Kembali Demi Perubahan atau Sekedar Rebranding?
PSI pernah mencuri perhatian publik saat Kaesang pertama kali diangkat sebagai ketua umum pada 2023. Kala itu, kehadiran Kaesang dianggap sebagai upaya radikal PSI untuk menjangkau pemilih muda melalui figur yang segar, populer, dan melek media sosial. Namun euforia itu tak cukup mengantar PSI ke Senayan.
Kini, dengan nama Jokowi tak lagi menjabat sebagai presiden, kembalinya Kaesang menjadi menarik. Apakah ini sinyal bahwa PSI tetap bertaruh pada kekuatan personal branding dan nama besar keluarga Jokowi? Atau justru pertanda bahwa partai ini masih melihat masa depan dalam politik anak muda?

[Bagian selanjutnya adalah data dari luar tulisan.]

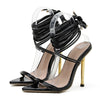 Sommer 12CM Gladiator High-Heel Sandalen für Damen Mode Spitze Offene Zehen Schnür-Stiletto Damen Riemchen-Hochzeitsschuhe Schwarz Rot
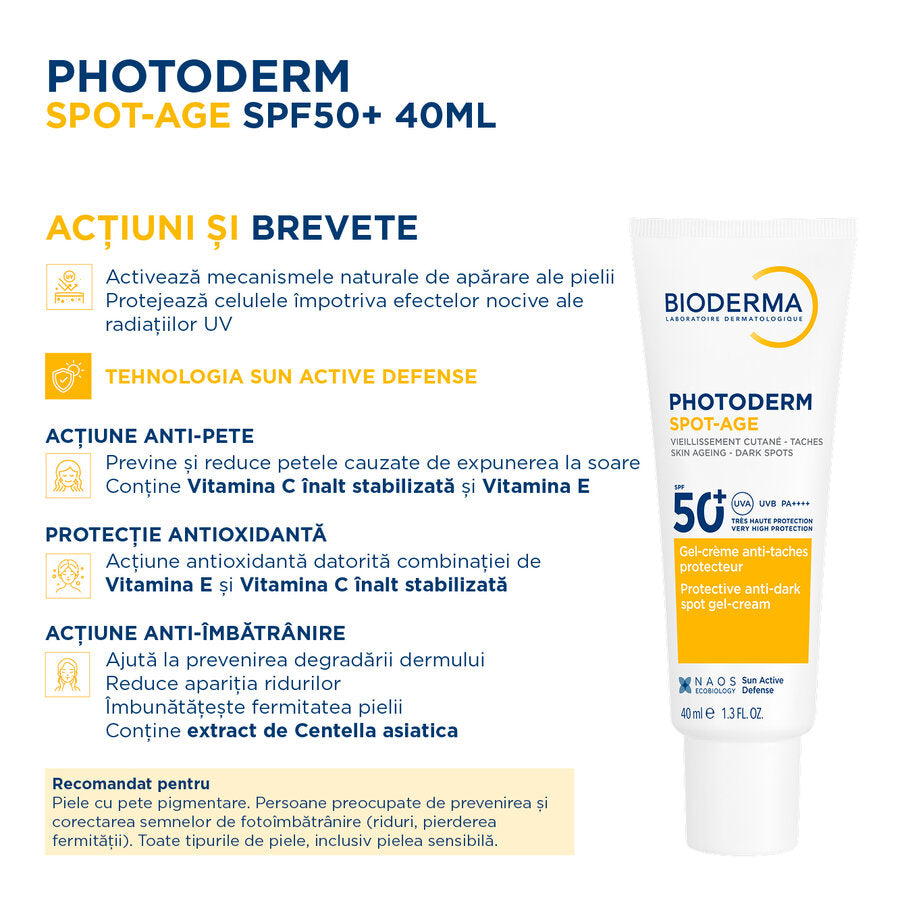 Gel-crema cu efect antioxidant impotriva petelor brune Photoderm Spot-Age, SPF50+, 40ml, Bioderma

Kaesang menyebut bahwa ia Kembali memimpin PSI bukan sekedar gaya-gayan. Namun karena tanggung jawab moral anak muda di dunia politik.
“Saya kembali bukan untuk gaya-gayaan, tapi karena ada tanggung jawab moral terhadap perjuangan anak muda Indonesia,” kata kaesang dalam pidatonya.

Dinasti Politik atau Regenerasi?
Tak bisa dipungkiri, kembalinya Kaesang turut memperkuat narasi tentang menguatnya politik dinasti di Indonesia. Setelah Gibran Rakabuming Raka menjadi Wakil Presiden dan Bobby Nasution menjabat sebagai kepala daerah, kini Kaesang kembali memimpin partai politik.
Sebagian publik menyambut positif langkah ini, menilai bahwa keluarga Jokowi memang punya jejak kerja nyata. Namun tidak sedikit pula yang melihatnya dengan kacamata kritis.
“Ini gejala klasik: politik berbasis figur, bukan ideologi. Tapi memang itulah realita politik kita saat ini,” ujar analis politik dari CSIS, Rendra Permana.
Jalan Terjal di Depan?
Kepemimpinan Kaesang tak akan mudah. PSI kini berada di titik nadir—tanpa kursi di DPR dan menghadapi keraguan publik. Tantangannya bukan hanya soal membesarkan partai, tapi juga membuktikan bahwa dirinya layak dilihat bukan semata sebagai “anak bekas presiden”.
Meski begitu, ada satu keunggulan yang sulit dibantah, Kaesang mengerti cara bicara kepada generasi muda. Dengan gaya komunikasinya yang santai, humoris, dan tajam di media sosial, ia berpotensi menghidupkan kembali citra PSI sebagai partai anak muda.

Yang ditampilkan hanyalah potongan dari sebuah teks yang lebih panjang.